The spirit of Hirschman’s “loyalty” and “voice” options permeates Dr Mac Gréil’s fascinating account of his active and very eventful life. First, as a boy growing up in the West of Ireland countryside in the 1930s and 1940s, where he absorbed its traditions and culture at the very time when they were on the cusp of change and decay. Then as a young man who became an officer in the Irish army during the 1950s and through this role became aware of the problems, rigid class divisions and latent prejudices in society. Leaving his army career, he became a student and university lecturer, achieving high academic honours and recognition, but always using his knowledge and expertise to fight for society’s underdogs and to combat prejudice and bigotry wherever he found it. Finally, as a Jesuit priest for most of his adult life, and in addition to engaging in a wide range of activities to support rural and disadvantaged communities, he welcomed the changes brought to the Catholic Church by Vatican II, worked to overcome the often tardy and grudging way that the Church authorities implemented change and witnessed with horror the shocking scandals that were a major factor in the decline and marginalisation of the role of religion and the organised Church in modern times.

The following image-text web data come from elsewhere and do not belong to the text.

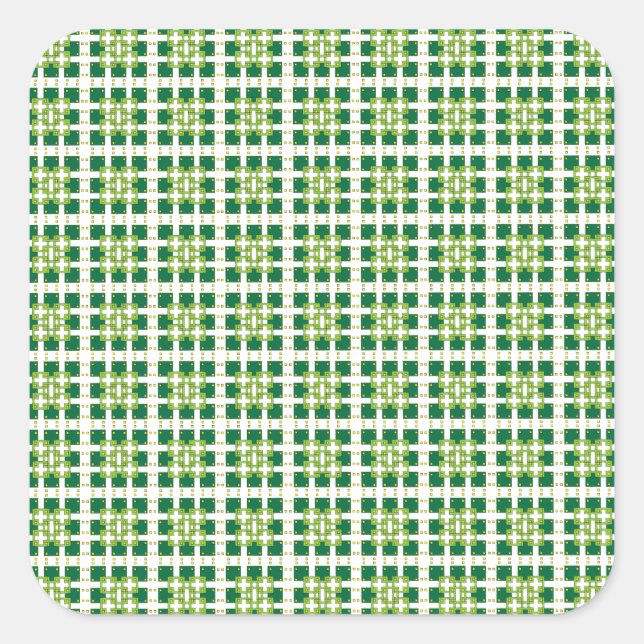 Modernes geometrisches Muster der grünen Wälder Quadratischer Aufkleber (Vorderseite)
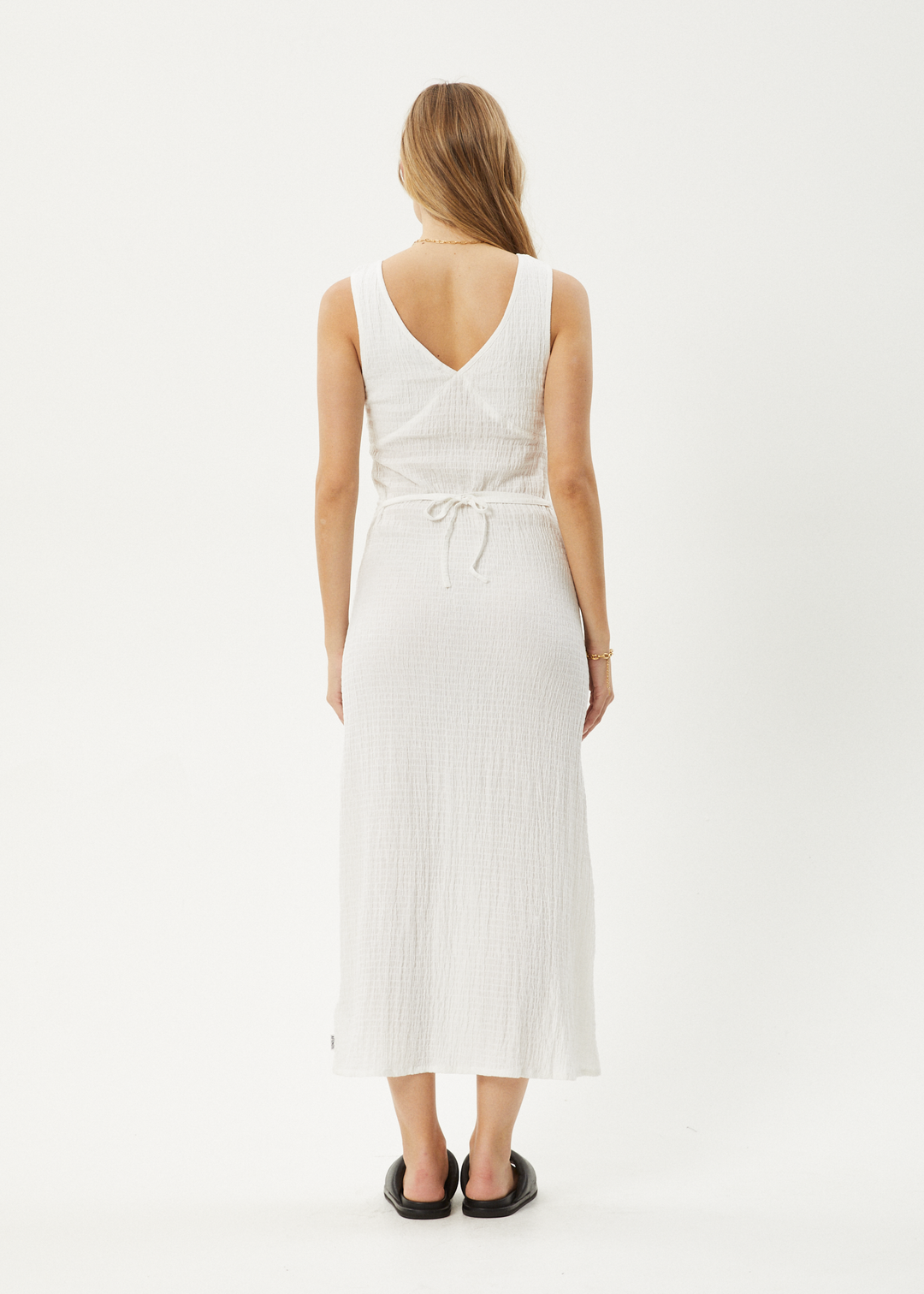 Focus Seersucker Maxi Dress - Off White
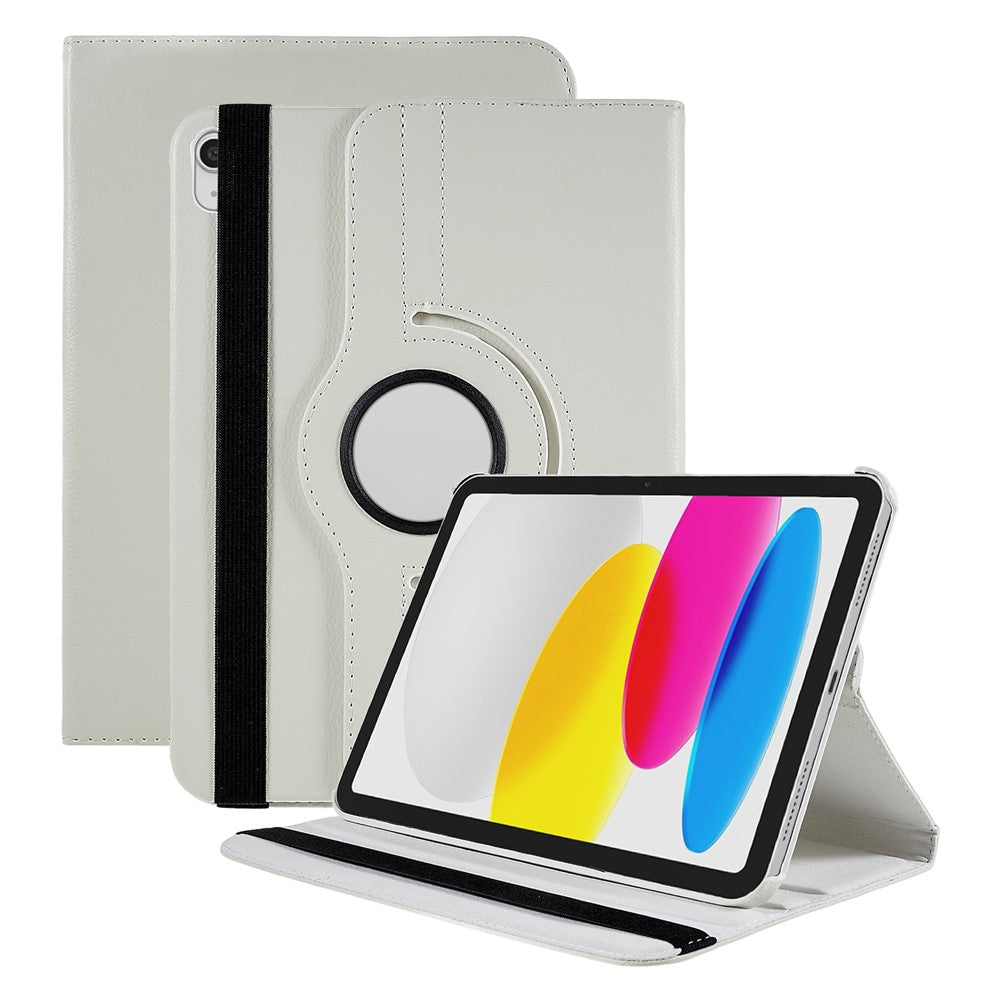 For iPad (2025) / iPad 10.9 (2022) Tablet Case PU Leather Protective Cover with 360 Degree Rotating Stand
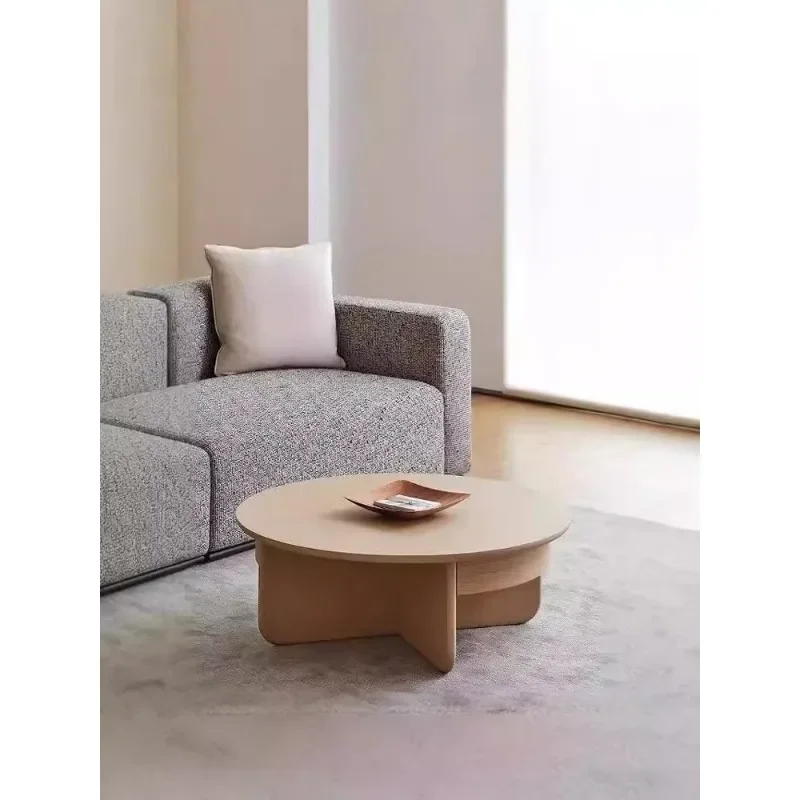 Japanese round coffee table living room Nordic side table white oak log color Italian minimalist combination small apartment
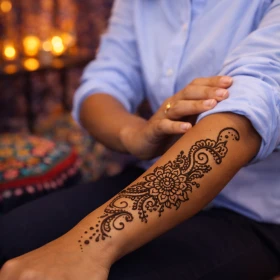 Nahaufnahme einer kunstvollen Henna-Malerei auf dem Arm einer Businessfrau – ein elegantes Detail des interaktiven Rahmenprogramms. Die feinen Muster symbolisieren Kreativität und machen die Veranstaltung zu einem besonderen Erlebnis.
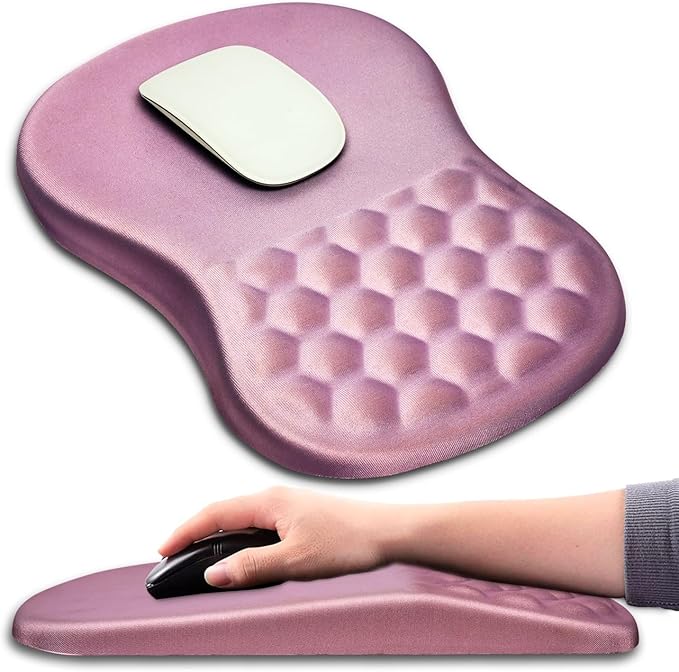 Mouse Pad Wrist Support Ergonomic Mouse Pad with Massage Dot Comfortable Computer Mouse Pad for Laptop Wrist Rest Pain Relief Mousepad with Non-Slip PU Base for Office &amp Home 12 x 8 in
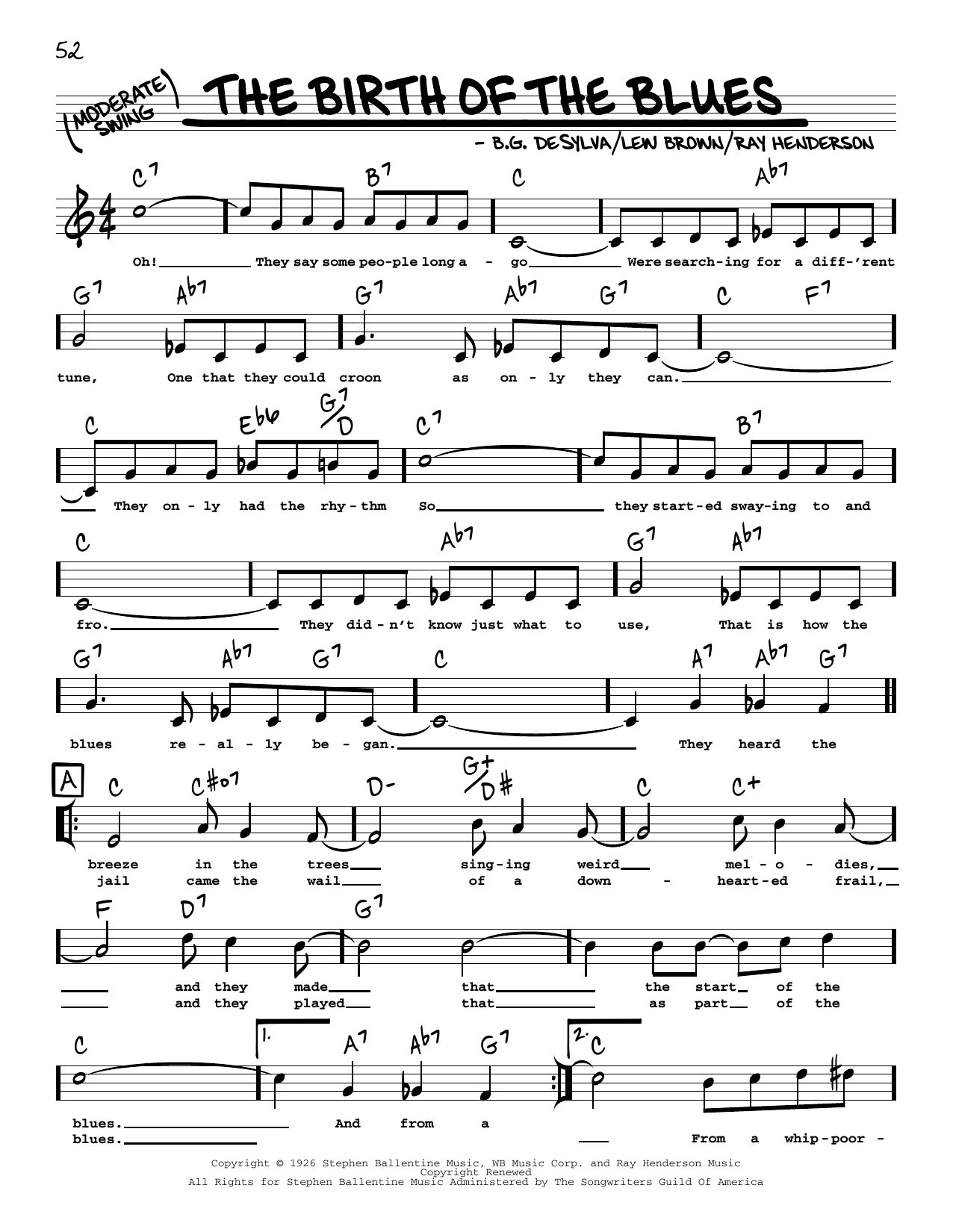 Download B.G. DeSylva The Birth Of The Blues (arr. Robert Rawlins) Sheet Music and learn how to play Real Book – Melody, Lyrics & Chords PDF digital score in minutes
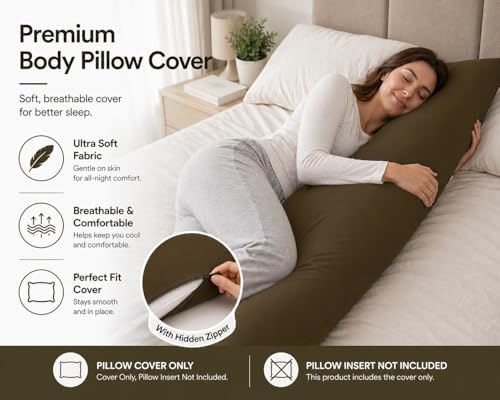 EVOLIVE Body Pillow Cover 21"x54", Microfiber, Hidden Zipper - Image 3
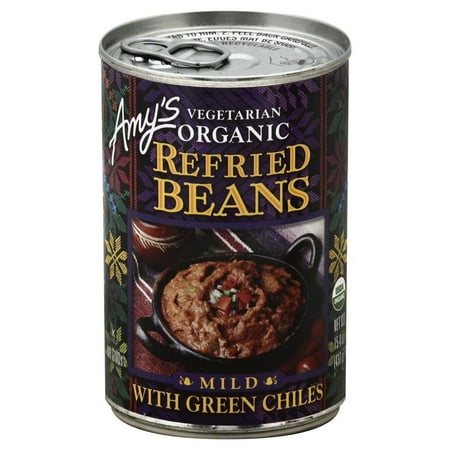 Amy's Organic - Refried Vegetarian Beans with Mild Green Chiles, 15.4 Ounce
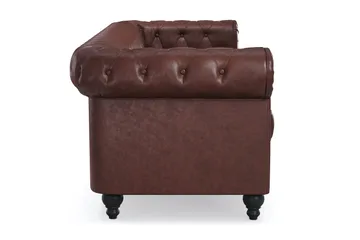 Chesterfield Lyx 3-sædet Dyb sofa kunstlæder - Mørkebrun - Møbler - Sofaer - Chesterfield sofaer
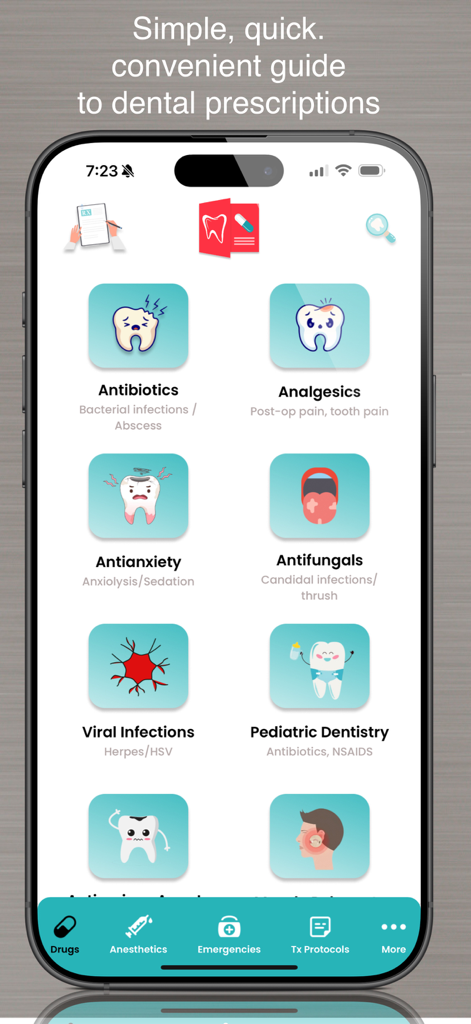 Schermata principale dell'app Dental Drugs che mostra categorie di farmaci dentali come antibiotici e analgesici.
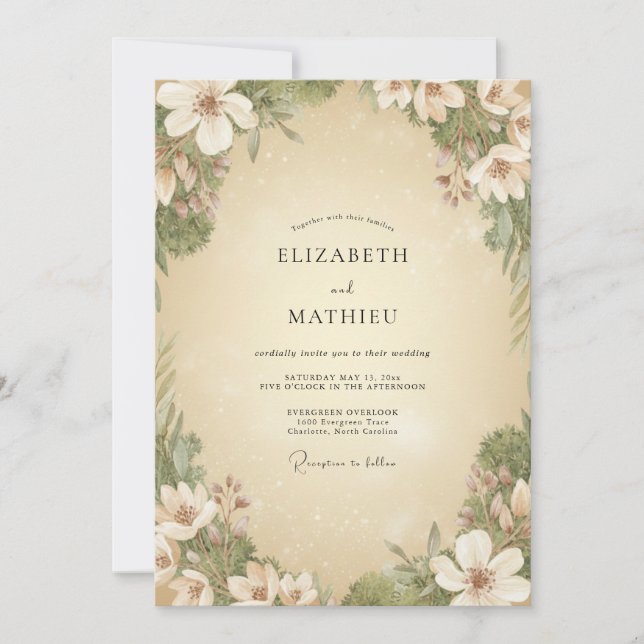 Invitation Mariage aux Pétales de Champagne Crème (Devant)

His eureka moment appears to have come in the mid-1960s when he spent a liberating period at Kent State University in Ohio, at a time when US society was in turmoil, struggling to come to terms with the fact that it was waging what was widely regarded as an unjust, cruel and futile war in Vietnam and adapting to the dismantling of laws and customs that discriminated against black Americans. He excelled in his postgraduate studies of sociology and anthropology and drew lessons both from his academic research and from his interactions with US society that would have been largely absent at that time from the less radical dialogue that went on within Irish universities:
More than these academic distinctions, my mind was ‘blown open’ to the nasty side of society and the need to question conventional wisdom without being presumptuous. I was challenged to become an intellectual in Karl Mannheim’s meaning of the concept, i.e. one who was capable of being critical of one’s own culture and, at the same time, being loyal to it. …. It was during my graduate studies in Kent State University that I realised that St Ignatius was shaping my world view and enabling me to stand back and cast a cold eye on it all. I developed, I hope, a greater tolerance of cognitive ambiguity and saw the injustice caused by closed-mindedness and authoritarianism in many organisations and systems.
In later life, as he reflected wryly on the consequences of his “loyalty-voice” stance, drawing on his experience in the army, it is clear that he understood how this would affect his career as a priest:
You cannot be a radical above the rank of lieutenant! It was a real skill to be active within the establishment, without compromise of one’s principles. It was necessary to be in at the ‘lieutenant rank’ in order to have sufficient influence and credibility (in respect of criticism) to promote necessary change. If a person of this ‘left wing’ were to be promoted, there would always be a danger of his or her becoming a defender of the status quo, thus dampening the desire to work for necessary change of it … I am happy now not to have been given promotion above the rank of lieutenant!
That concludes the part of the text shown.